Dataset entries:
*** Begin section ***

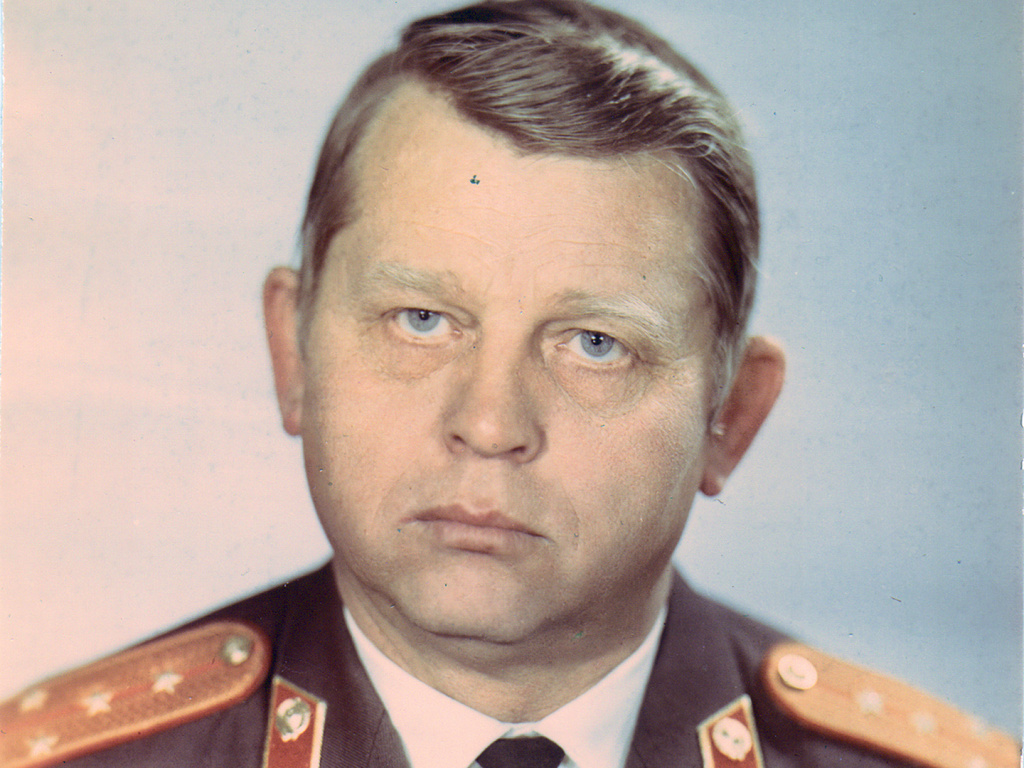 Капитан милиции уволился из органов в 1987 году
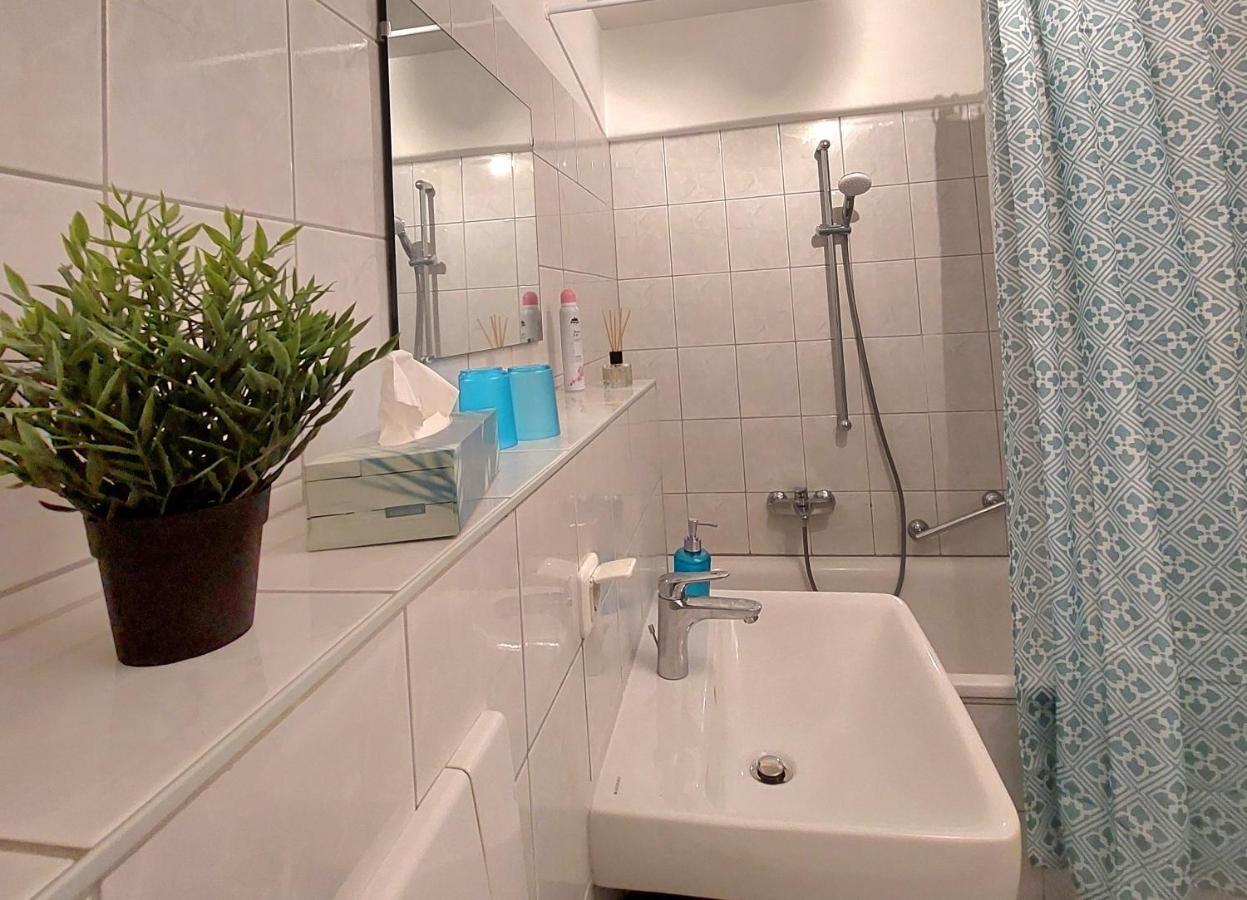 Apartment Moderne Mit Vollausstattung In Ruhiger Lage, W-lan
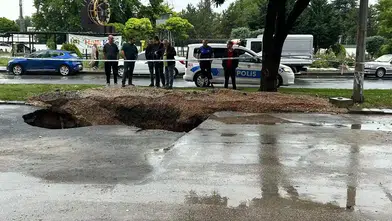 Ankara’da Sağanak Yağış Sonrası Yol Çöktü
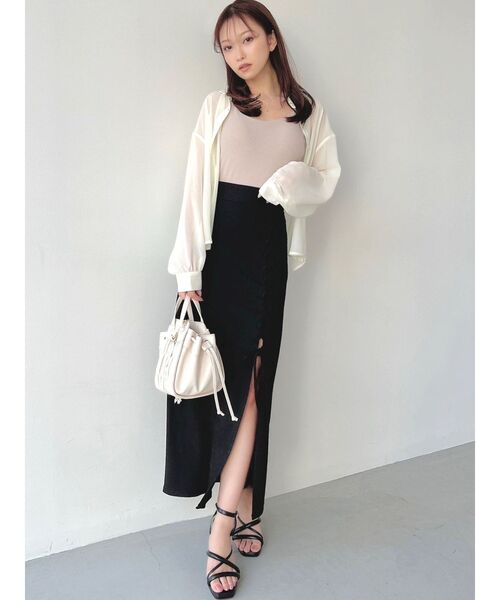 RESEXXY（リゼクシー）の「サテンストリングキャミソール（キャミソール・レディース・ベージュ/ブラック/グリーン・FREE）」の22枚目の写真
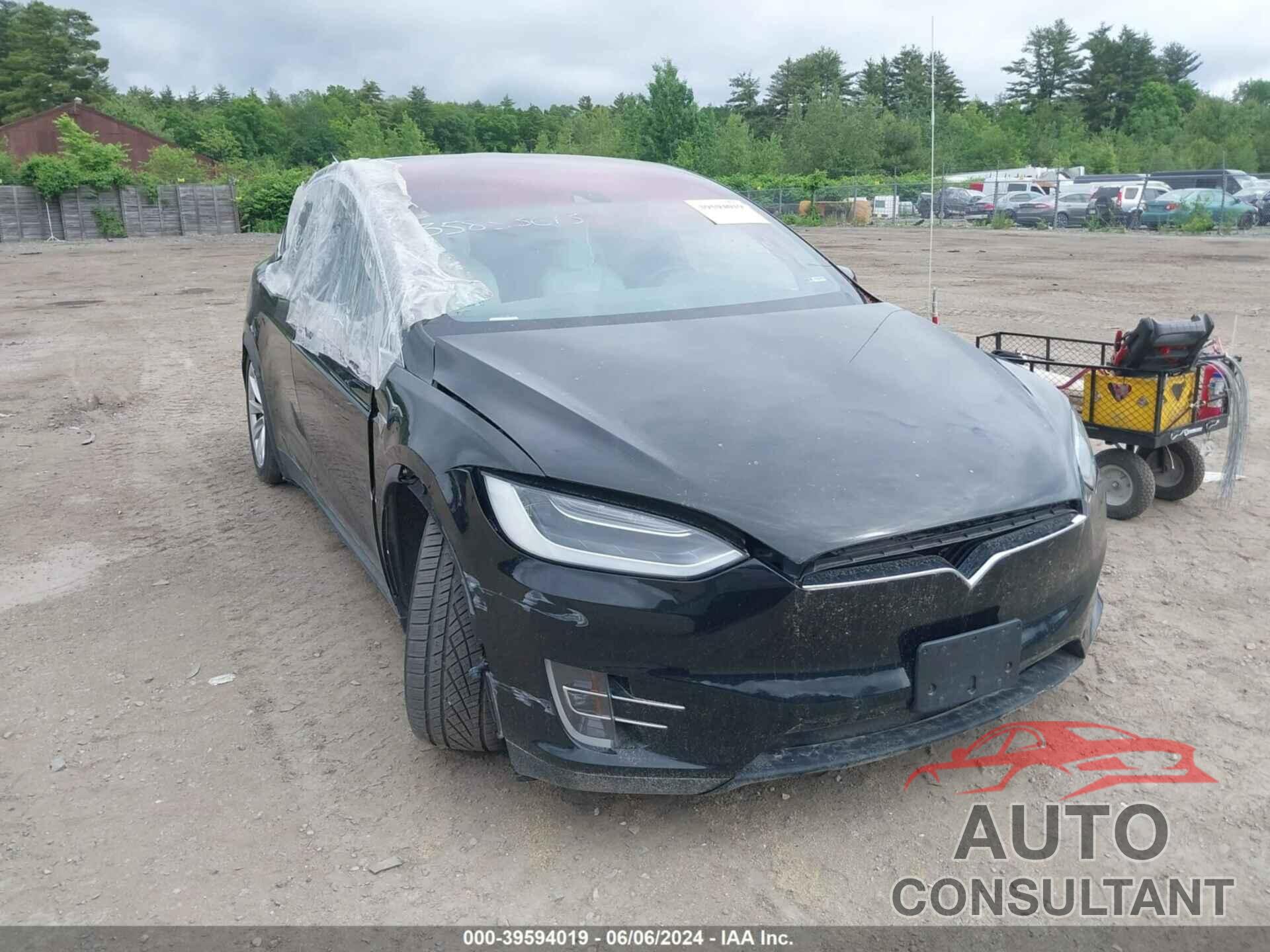 TESLA MODEL X 2016 - 5YJXCBE25GF004715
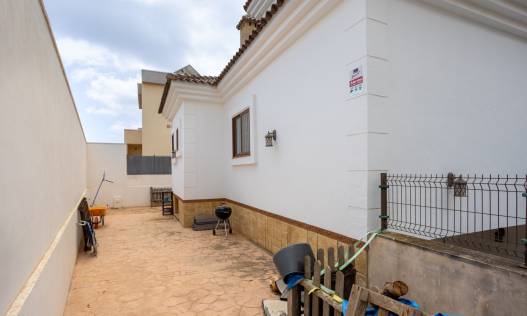 Bestaand - Villa - Los Montesinos - La Herrada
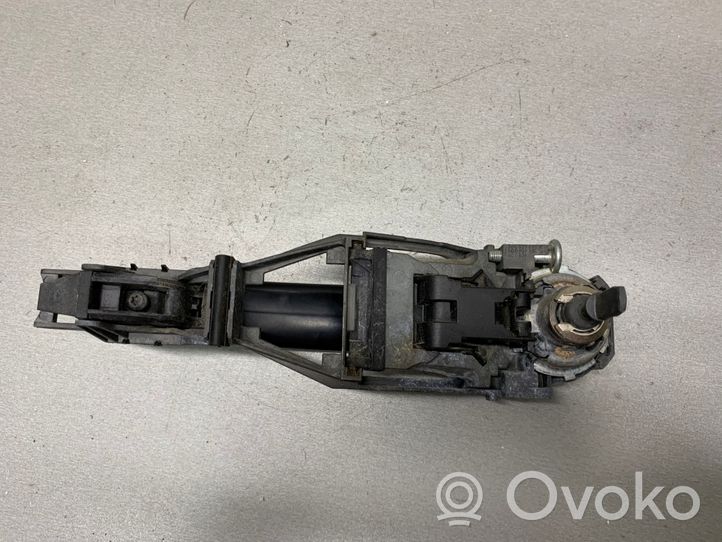 Volkswagen Polo IV 9N3 Maniglia esterna per portiera anteriore 3B0837885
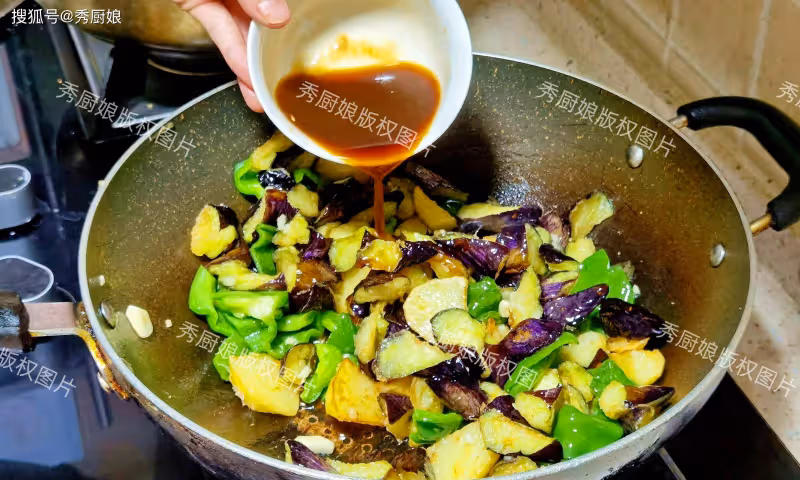 夏天,吃菠菜、芹菜不如吃它,全身是寶,鮮嫩營養,隨手一炒真香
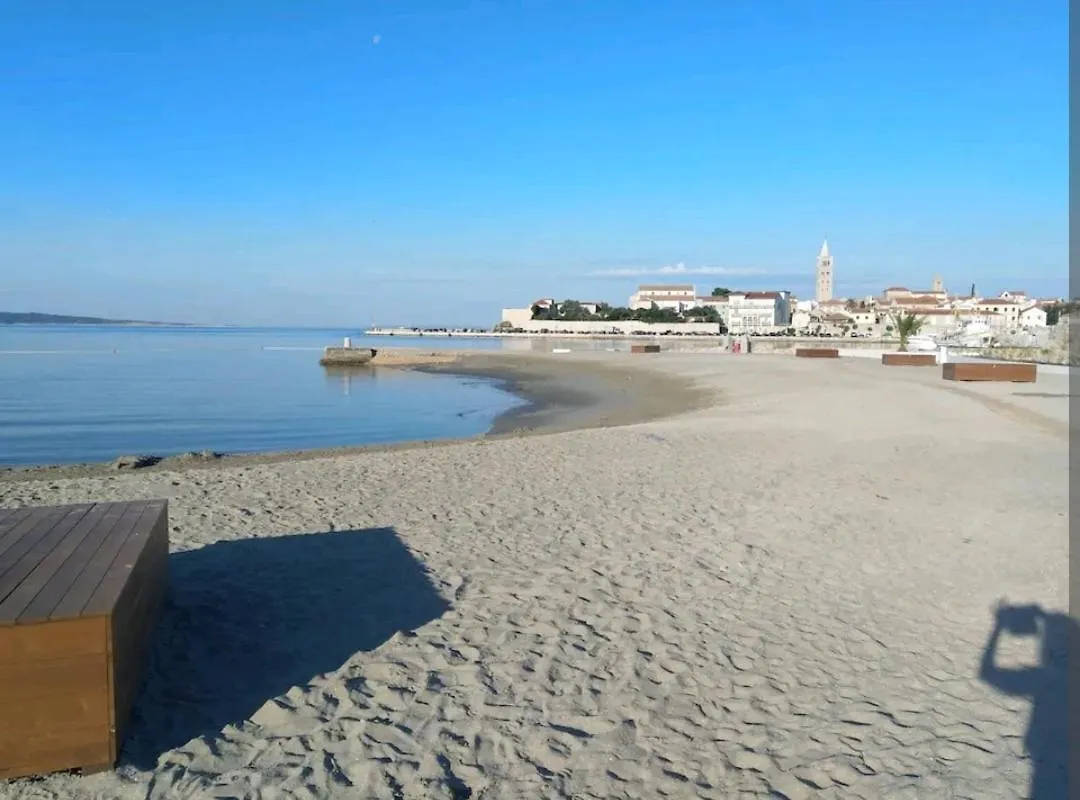 Family Friendly Apartments With A Swimming Pool Mundanije, Rab - 5075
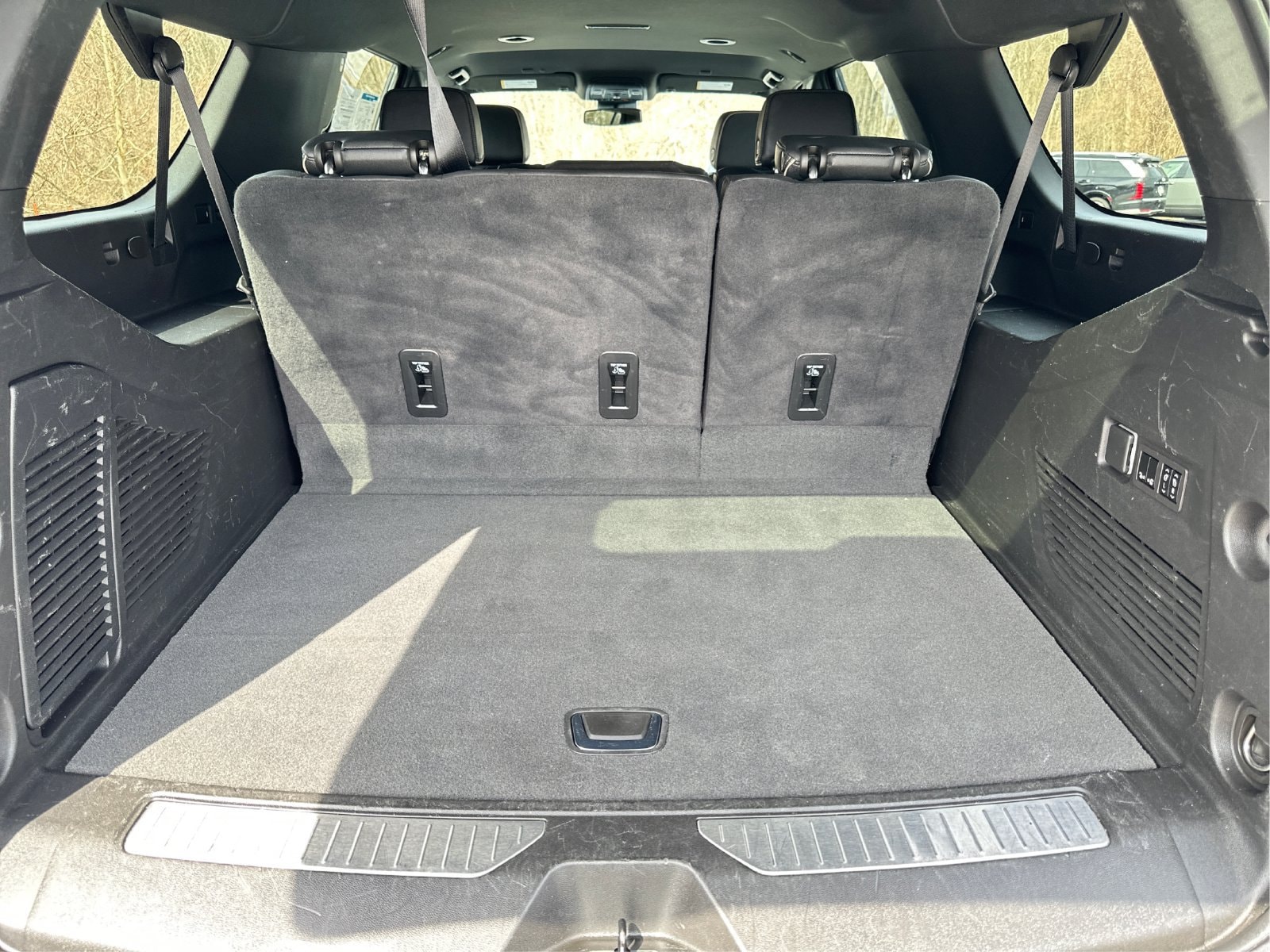 2024 Chevrolet Suburban Premier - Photo 13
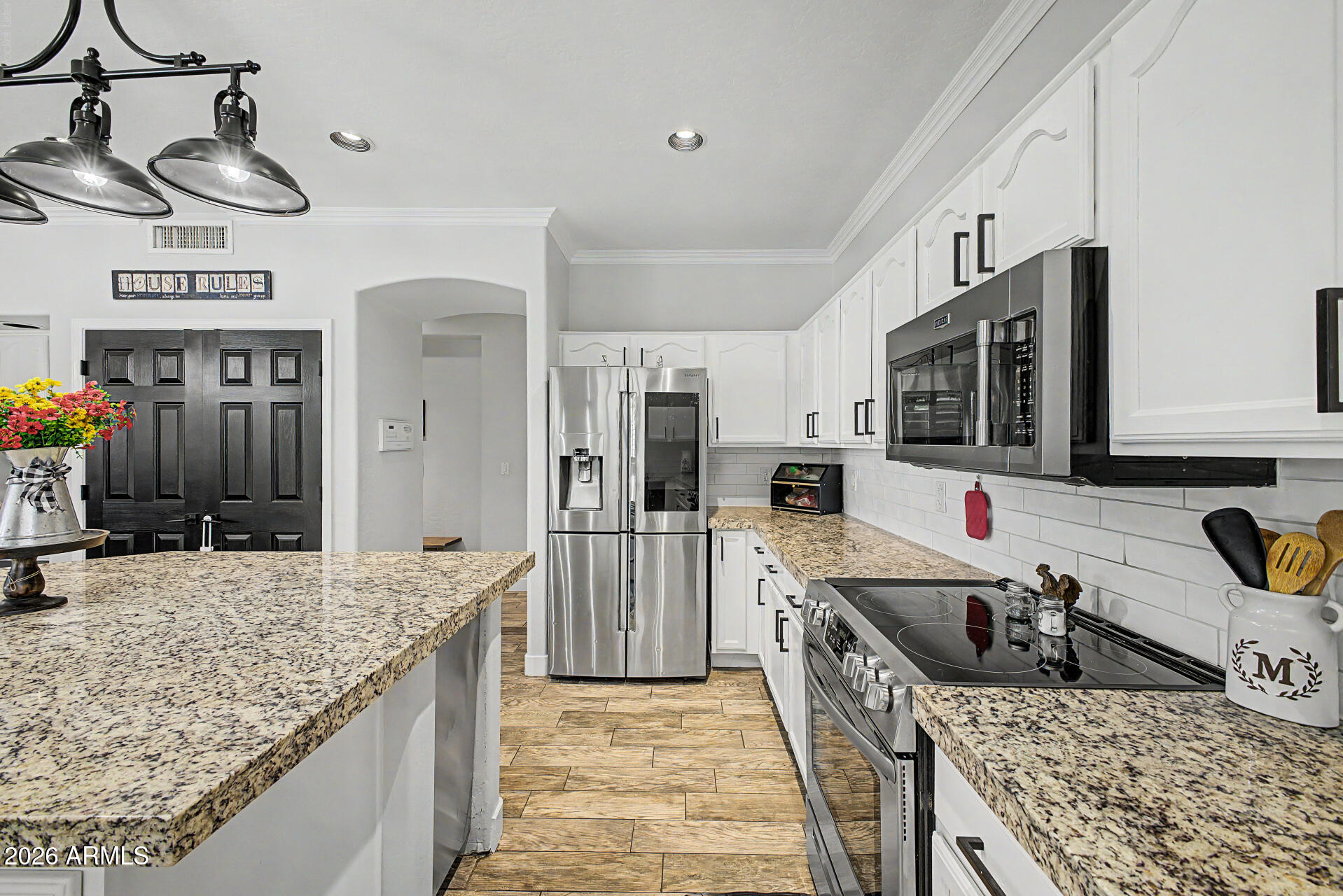 VALENCIA GROVES - Residential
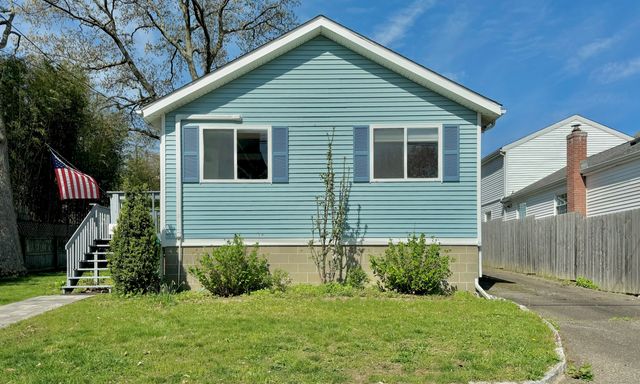 46 East Avenue, Milford, CT 06460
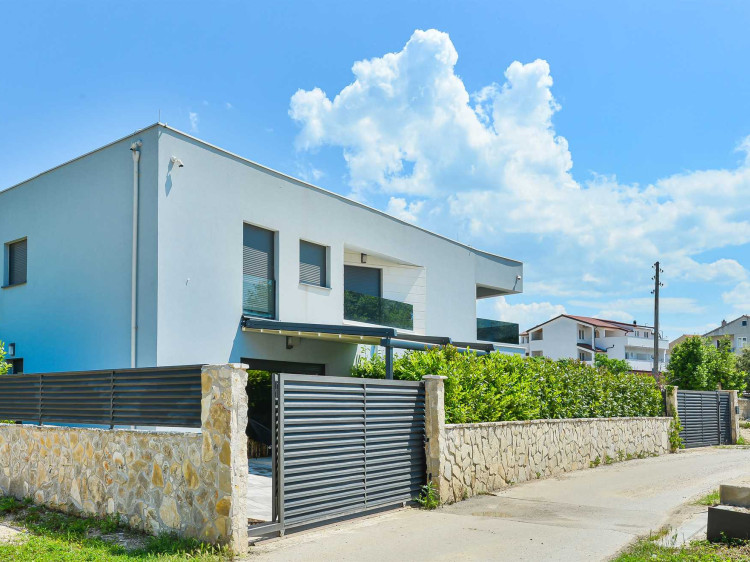 CROWONDER Adriatic Premium Villa Vodice blisko plaży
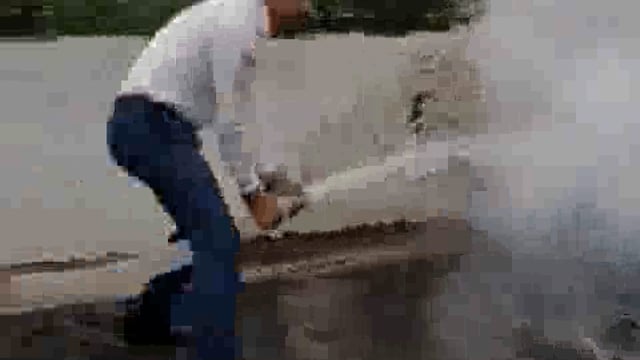 नोएडा: शहर के फिल्म सिटी क्षेत्र के पास उस समय अफरा-तफरी मच गई जब एक चलती कार में अचानक भीषण आग लग गई। हादसे के वक्त कार में मौजूद चालक ने सूझबूझ दिखाते हुए समय रहते वाहन से कूदकर अपनी जान बचा ली।#fair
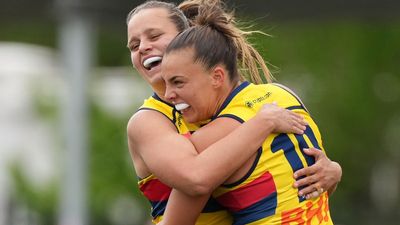 Crows snare AFLW minor premiership with win over Eagles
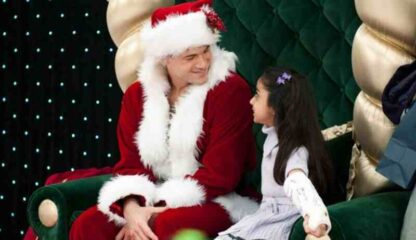 Desperately Seeking Santa (2011) Starring Laura Vandervoort on DVD - Image 2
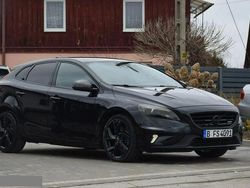 Czarny Używany 2014 Volvo V40 R-Design Kombi | 32 900 zł (Uczciwa cena)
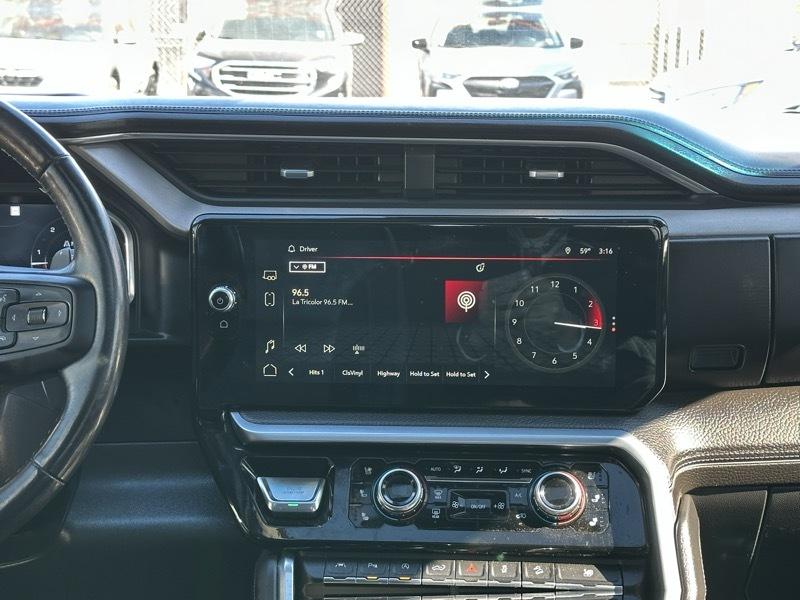 GMC Sierra 1500 4WD Crew Cab 147" Denali 2022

*** End section ***

**The task:** Only the lines from the line with "Family Friendly Apartments" through the end of the entries above, copied exactly and with both ends included, belong in the response; the pictures do not.

**Reply:**
 Family Friendly Apartments With A Swimming Pool Mundanije, Rab - 5075
 2024 Chevrolet Suburban Premier - Photo 13
 VALENCIA GROVES - Residential
 46 East Avenue, Milford, CT 06460
 CROWONDER Adriatic Premium Villa Vodice blisko plaży
 नोएडा: शहर के फिल्म सिटी क्षेत्र के पास उस समय अफरा-तफरी मच गई जब एक चलती कार में अचानक भीषण आग लग गई। हादसे के वक्त कार में मौजूद चालक ने सूझबूझ दिखाते हुए समय रहते वाहन से कूदकर अपनी जान बचा ली।#fair
 Crows snare AFLW minor premiership with win over Eagles
 Desperately Seeking Santa (2011) Starring Laura Vandervoort on DVD - Image 2
 Czarny Używany 2014 Volvo V40 R-Design Kombi | 32 900 zł (Uczciwa cena)
 GMC Sierra 1500 4WD Crew Cab 147" Denali 2022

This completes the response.